In another case, a nurse who had been placed on the register of sex offenders for groping a taxi driver while drunk was given a four-month suspension as the panel considered it a “lower-end” sexual assault.
Nurse Kat Barber, who carried out the study, said there was a “massive misunderstanding” of the context of gender-based violence by the regulator. She added: “In my opinion, [staff and patients] are enormously at risk because of the way [the NMC is] addressing domestic violence and assault.”
However, data shared by the NMC shows that the rate at which sexual assault allegations are progressed to investigation is far higher compared with allegations in general.
Lesley Maslen, executive director of professional regulation at the NMC, said: “There is no place for sexual and domestic abuse in society. We know this disproportionately affects women, who make up the majority of professionals on our register. Our data shows that anyone on our register who is found to have proven allegations of sexual misconduct is highly likely to be struck off.”
Ms Maslen said decisions made by the NMC are reviewed by the Professional Standards Authority, but that the council is always aiming to improve and will reflect on the cases highlighted. Last year the NMC published stronger guidance for those making decisions in such cases – in particular, decisions over their seriousness.
Figures shared by the General Medical Council (GMC) show that more than 500 sexual assault complaints to the doctors’ regulator were dropped between 2018 and 2021. However, data shows that only 45 per cent of sexual assault allegations are closed and not investigated compared to 85 per cent of cases overall.
One doctor told The Independent of her experience referring another doctor to the GMC following a sexual assault. Dr Ash, whose name has been changed, said she was sexually assaulted by a senior male consultant when she was a trainee.
Dr Ash said she didn’t feel she could report the consultant at the time, but referred him to the GMC after an encounter at an event years later. This was just prior to the pandemic, and it has taken three years for the case to be investigated and to conclude.
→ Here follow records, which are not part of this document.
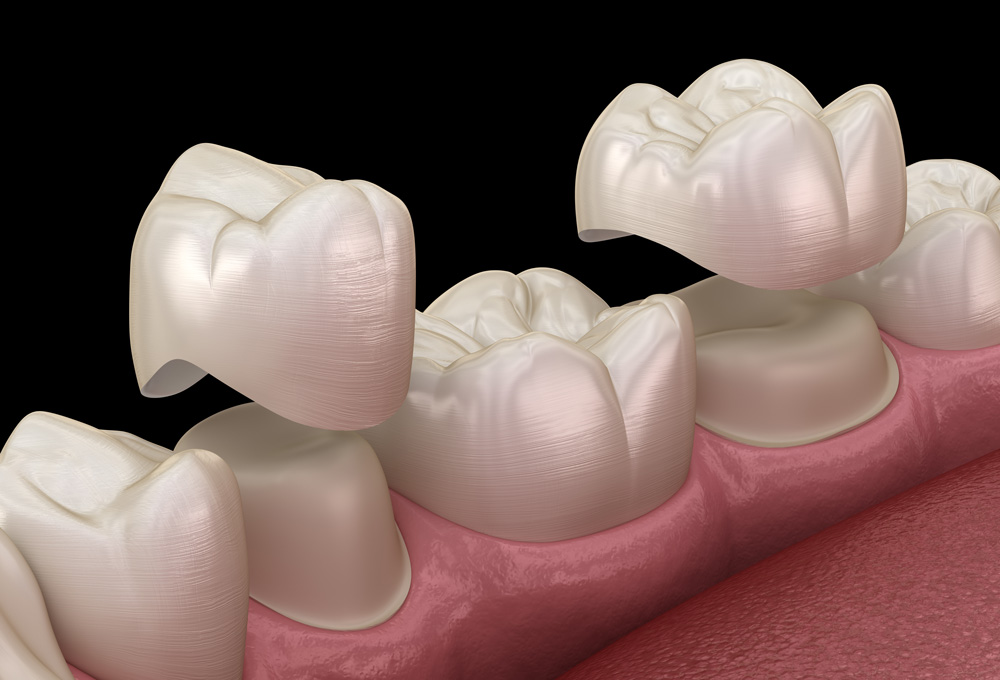 stock photo porcelain crowns placement over premolar and molar teeth medically accurate d illustration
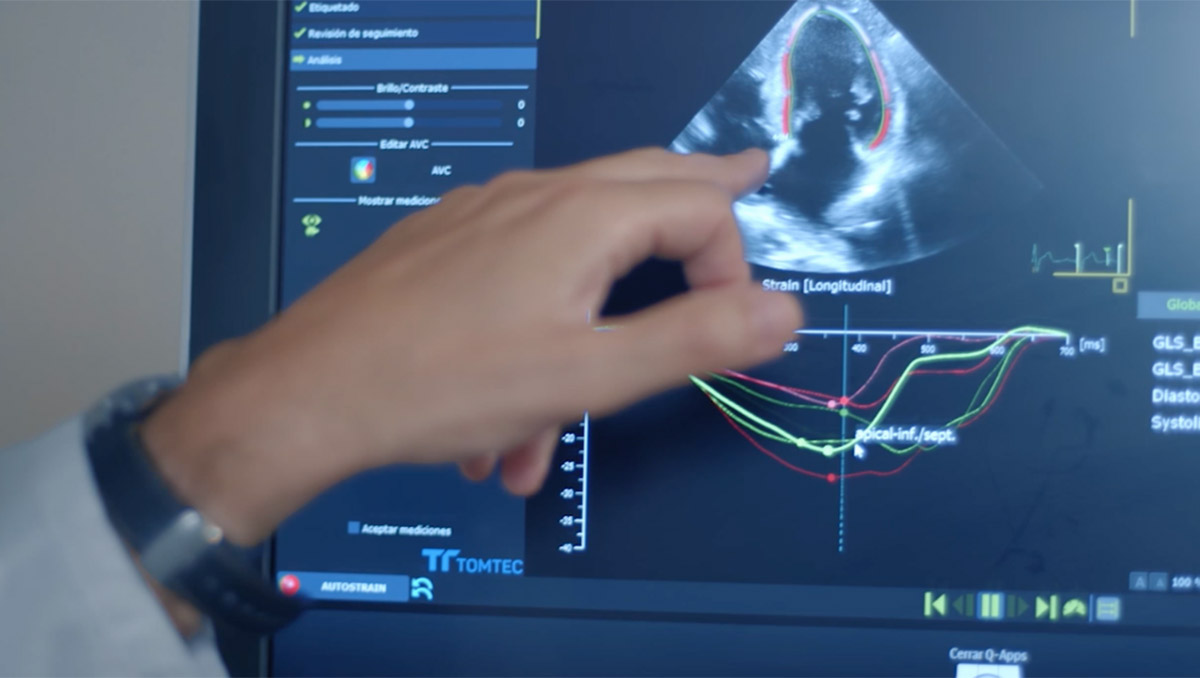 cardio-oncologia-teknon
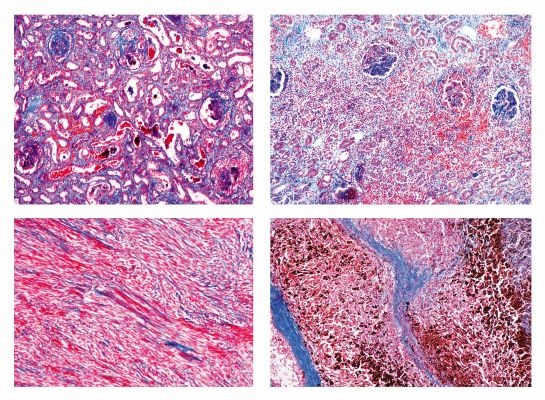 Mikropräparate - Pathologische Histologie des Menschen, Grundserie Teil II.  40 Präparate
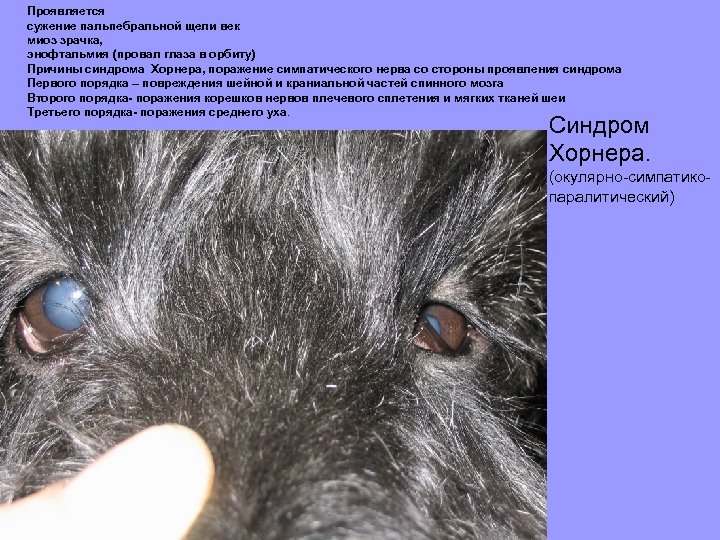 Проявляется сужение пальпебральной щели век миоз зрачка, энофтальмия (провал глаза в орбиту) Причины синдрома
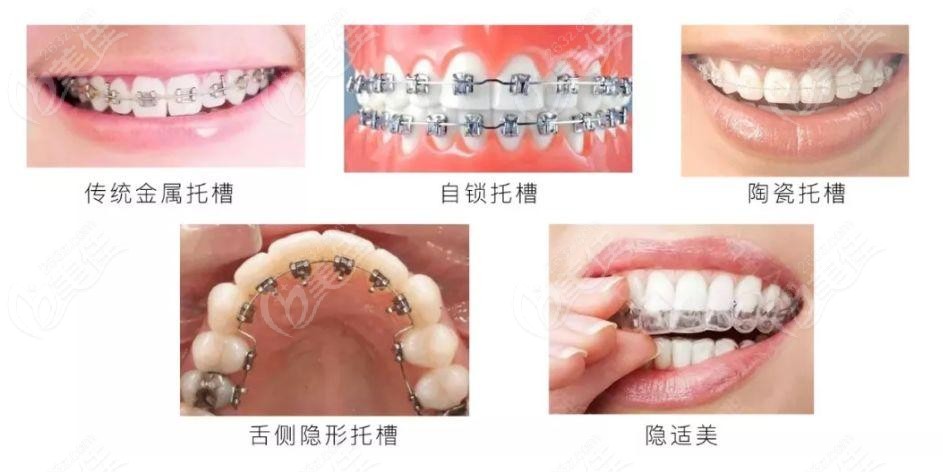 兰州戴牙套价格表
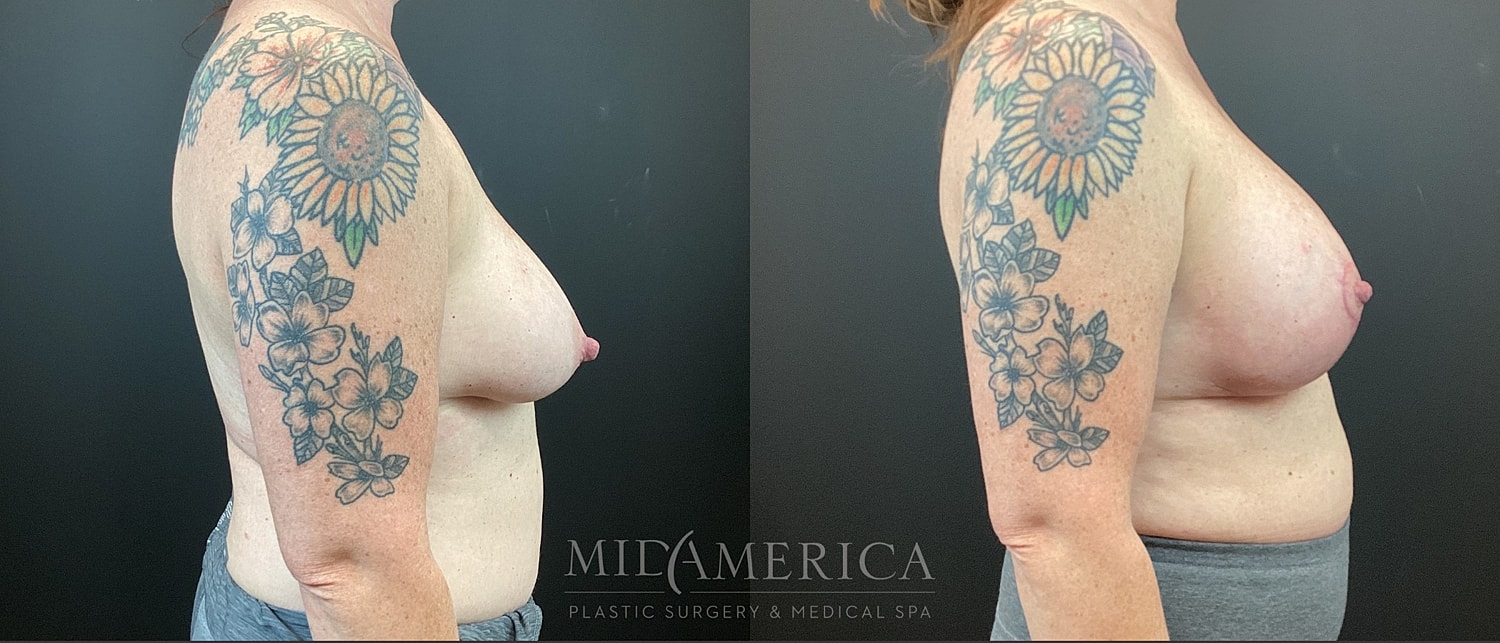 Breast Augmentation & Lift Before & After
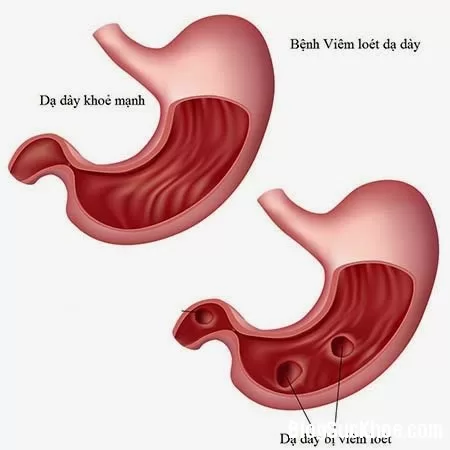 Những quan niệm và cách chữa bệnh loét dạ dày sai lầm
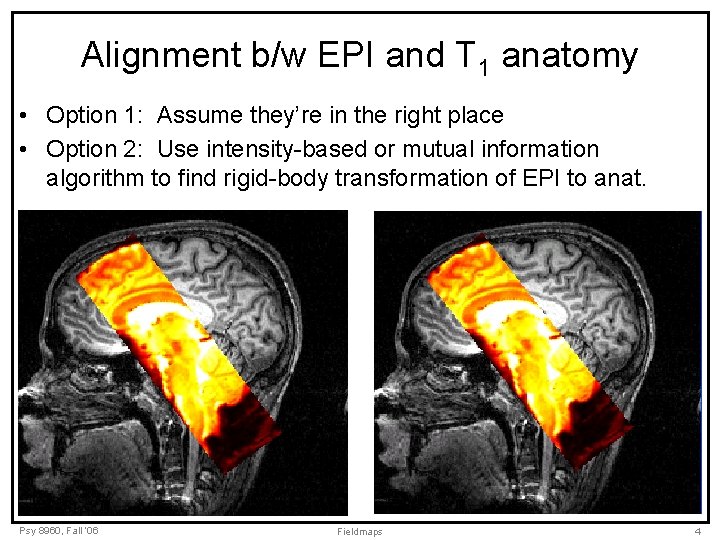 Alignment b/w EPI and T 1 anatomy • Option 1: Assume they’re in the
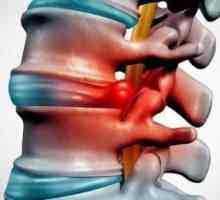 Инжекции в хернията на лумбалната част на гръбначния стълб: списък на лекарствата, препоръки на…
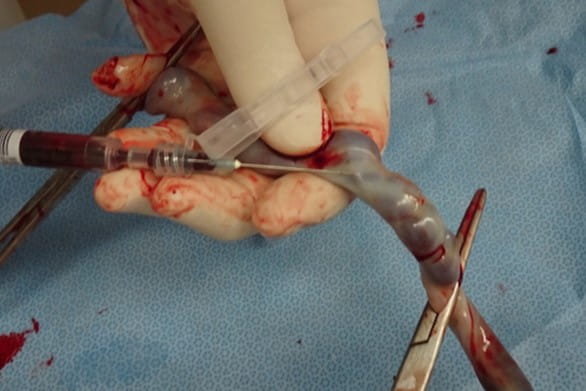 臍帯動脈血の採取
In its final ruling, the Medical Practitioners Tribunal Service (MPTS), a statutory committee of the GMC, found there was no case to answer, as it could not be proven that Dr Ash hadn’t given consent.
Dr Ash told The Independent: “The GMC is [just] pushing pieces of paper around. They don’t actually try and find out the truth. They take statements from the witnesses and their names. They have said, ‘Well, it’s totally understandable, you gave them no indication [of non-consent].’
“[The MPTS] said there was no relationship of trust between a consultant and a junior doctor, because the difference in age isn’t that much. They’re so far removed from the reality that they blame us for putting up with behaviour that someone in the office would never put up with, because of the urgency and importance and immediacy of our work with patients.”
Anthony Omo, general counsel and director of fitness to practise at the GMC, said: “There is no place for any form of sexual misconduct in the healthcare services. Sexual assault is a criminal offence, and any doctor who has committed such acts should be investigated by the police.”
He said the GMC works with police and employers to investigate concerns raised, and seeks opportunities to learn from every case.